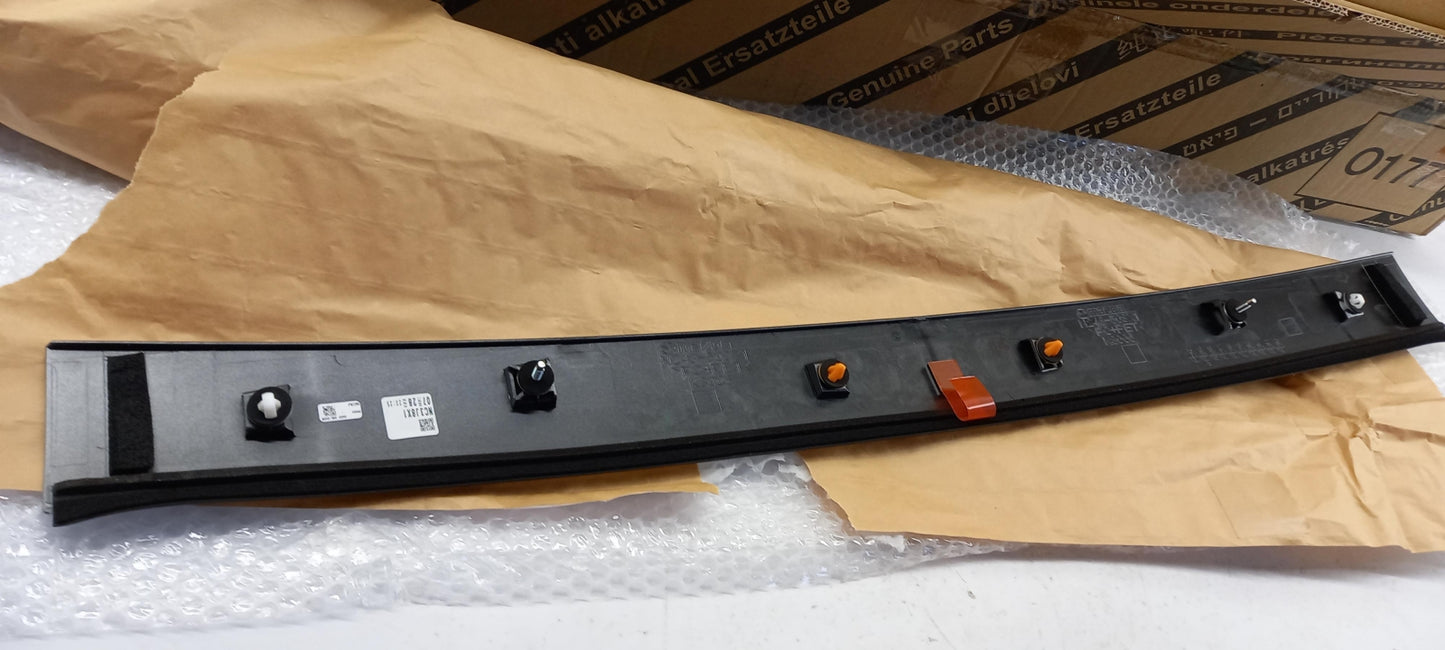 Original OE FIAT Dach Zierleiste 6000621453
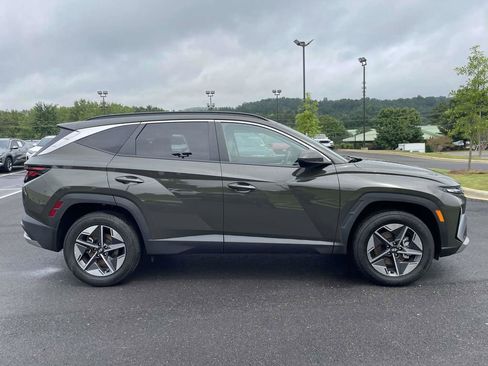 Certified 2025 Hyundai Tucson SEL AWD/4WD image 2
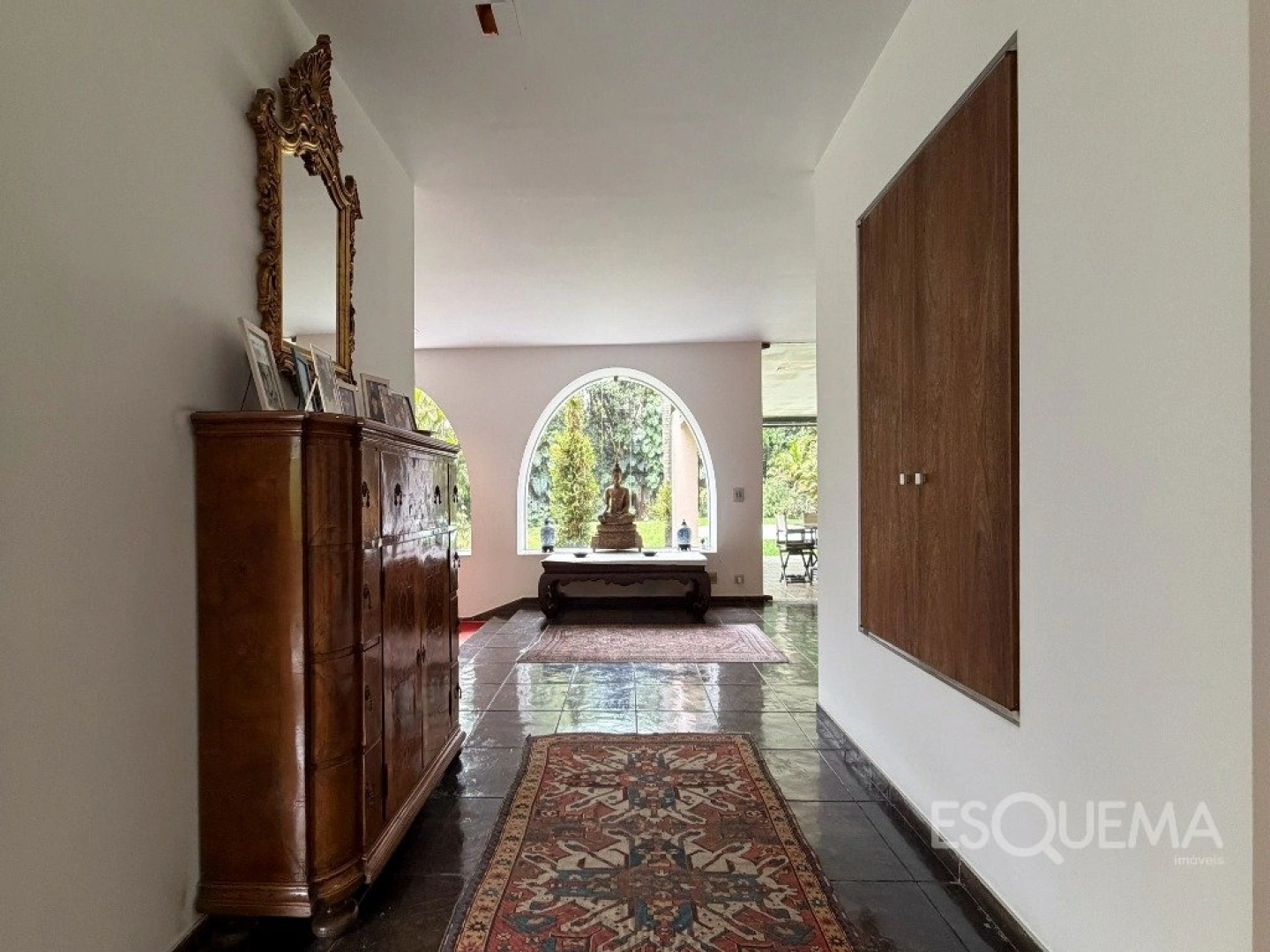 Casa em localização excelente com 2.248 m² de terreno - Imagem 6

▸ EXERCISE DESCRIPTION: Without changing a word, retype the data above and omit its pictures.

▸ WORKED SOLUTION:
 Original OE FIAT Dach Zierleiste 6000621453
 Certified 2025 Hyundai Tucson SEL AWD/4WD image 2
 Casa em localização excelente com 2.248 m² de terreno - Imagem 6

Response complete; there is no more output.